Петр Шлянта исследует отношения польского населения и царской армии в период от вторжения российских войск в Галицию в начале войны и до отвоевания этих земель австро-венгерской армией весной 1915 года. Хотя высокопоставленные чины царской армии видели в польском населении будущую опору российской власти в Галиции, политика оккупантов оставалась двойственной. Они обещали полякам культурную автономию в воссоединенной под российской эгидой Польше, но одновременно проводили политику агрессивной русификации, которая возбуждала недоверие у галицийских поляков. Кроме того, оккупация привела к обострению местных конфликтов. Чтобы заручиться лояльностью со стороны местных жителей, власть попустительствовала бесчинствам и насилию, чинимому над евреями и помещиками, в котором наряду с казацкими частями участвовало и польское население. Таким образом, представители армии и оккупационных властей пытались воспользоваться национальной и культурной неоднородностью региона для реализации собственных властных амбиций.



В статье, посвященной положению мусульман в царской армии, Франциска Дэвис задается вопросом о том, каким образом возможно было создать патриотическую армию в условиях многонациональной и мультирелигиозной империи. Учитывая разнородный состав империи, выработать единые нормы призыва по прусскому образцу едва ли представлялось возможным. Так, вопреки публичным заявлениям со стороны царского правительства, отсутствовала единая стратегия интеграции мусульман в армию Российской империи. Хотя мусульманам после вступления в войну Османской империи осенью 1914 года пришлось воевать со своими единоверцами и по этой причине, по крайней мере в Петербурге, в них усматривали угрозу имперским интересам, в целом среди представителей армии и чиновничества не было сомнений в верности солдат-мусульман царю и отечеству. Однако надежды мусульман на то, что за воинскую службу их вознаградят расширенными возможностями участия в политической жизни страны, не оправдались: царское правительство сочетало традиционные административные меры по интеграции отдельных сообществ в империю с политикой этнизации и национализации. Вплоть до своего свержения в 1917 году царские власти наотрез отказывались хотя бы частично поступиться своими притязаниями на господствующую роль.
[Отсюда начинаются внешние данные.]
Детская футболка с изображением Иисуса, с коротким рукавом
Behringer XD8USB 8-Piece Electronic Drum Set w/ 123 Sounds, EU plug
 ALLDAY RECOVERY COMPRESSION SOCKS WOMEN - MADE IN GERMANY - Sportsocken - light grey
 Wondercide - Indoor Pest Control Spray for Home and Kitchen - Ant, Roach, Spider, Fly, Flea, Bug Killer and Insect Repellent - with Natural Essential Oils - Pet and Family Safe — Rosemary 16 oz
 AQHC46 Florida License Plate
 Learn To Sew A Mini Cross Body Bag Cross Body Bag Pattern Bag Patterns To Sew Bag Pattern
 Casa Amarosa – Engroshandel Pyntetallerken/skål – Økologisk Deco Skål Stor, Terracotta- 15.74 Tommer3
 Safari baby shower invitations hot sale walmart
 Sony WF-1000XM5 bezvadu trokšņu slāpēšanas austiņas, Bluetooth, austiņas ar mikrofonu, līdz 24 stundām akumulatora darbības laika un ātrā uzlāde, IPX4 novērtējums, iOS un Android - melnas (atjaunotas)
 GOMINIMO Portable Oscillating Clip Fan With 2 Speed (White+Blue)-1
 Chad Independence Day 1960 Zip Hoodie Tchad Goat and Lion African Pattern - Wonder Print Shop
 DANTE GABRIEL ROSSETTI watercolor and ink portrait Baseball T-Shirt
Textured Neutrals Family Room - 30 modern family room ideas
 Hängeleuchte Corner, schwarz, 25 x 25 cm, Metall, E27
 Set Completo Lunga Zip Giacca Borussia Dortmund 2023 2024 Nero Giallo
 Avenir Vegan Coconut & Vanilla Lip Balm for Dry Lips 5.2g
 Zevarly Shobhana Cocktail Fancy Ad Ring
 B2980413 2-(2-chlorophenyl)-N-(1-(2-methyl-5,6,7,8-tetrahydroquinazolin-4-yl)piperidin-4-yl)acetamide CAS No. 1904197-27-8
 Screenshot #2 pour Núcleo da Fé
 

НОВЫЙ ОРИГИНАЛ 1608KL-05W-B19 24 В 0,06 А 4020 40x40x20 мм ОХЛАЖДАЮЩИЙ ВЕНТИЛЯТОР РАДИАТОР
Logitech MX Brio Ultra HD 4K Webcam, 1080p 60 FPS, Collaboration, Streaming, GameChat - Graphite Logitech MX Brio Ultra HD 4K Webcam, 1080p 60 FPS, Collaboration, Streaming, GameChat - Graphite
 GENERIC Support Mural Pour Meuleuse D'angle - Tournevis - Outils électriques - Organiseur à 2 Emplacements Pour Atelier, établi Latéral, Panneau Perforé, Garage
В статье Александра Зумпфа подчеркивается, что водораздел в царской империи проходил не только по этническим и религиозным границам, но и по социальной принадлежности. Значимость такой социальной группы, как инвалиды войны, равно как и беженцев{19}, в ходе войны неуклонно возрастала. Для России уход за ранеными солдатами представлял собой серьезную проблему транспортного и управленческого порядка. Кроме того, появление инвалидов обременило систему социального обеспечения, в связи с чем все больше экспертов — хирургов, психологов, сотрудников различных министерств — предлагали свои способы классификации раненых. Это имело решающие последствия для самих пострадавших. От присуждения увечному солдату определенной категории инвалидности зависело место, отводившееся ему в социальной иерархии военных лет, а также то, вернут ли его на фронт, или ему придется пройти профессиональную переподготовку, или же ему причитаются государственные социальные пособия.

В статьях этого раздела можно также увидеть, что классификацию общества нельзя было считать всего лишь однонаправленной операцией «подсчета, сортировки и уничтожения» (Holquist){20}. Социальная классификация также могла способствовать формированию группового самосознания. Подчас политические игроки того времени пользовались классификационными категориями для того, чтобы публично отстаивать собственные интересы или требовать расширения своих политических прав. И хотя их успехи оставались скромными или же обесценились после прихода к власти большевиков, здесь прослеживалась четкая стратегия. Личный опыт военных лет был осмыслен как коллективный в соответствии с категориями социального порядка и использовался в качестве политического аргумента.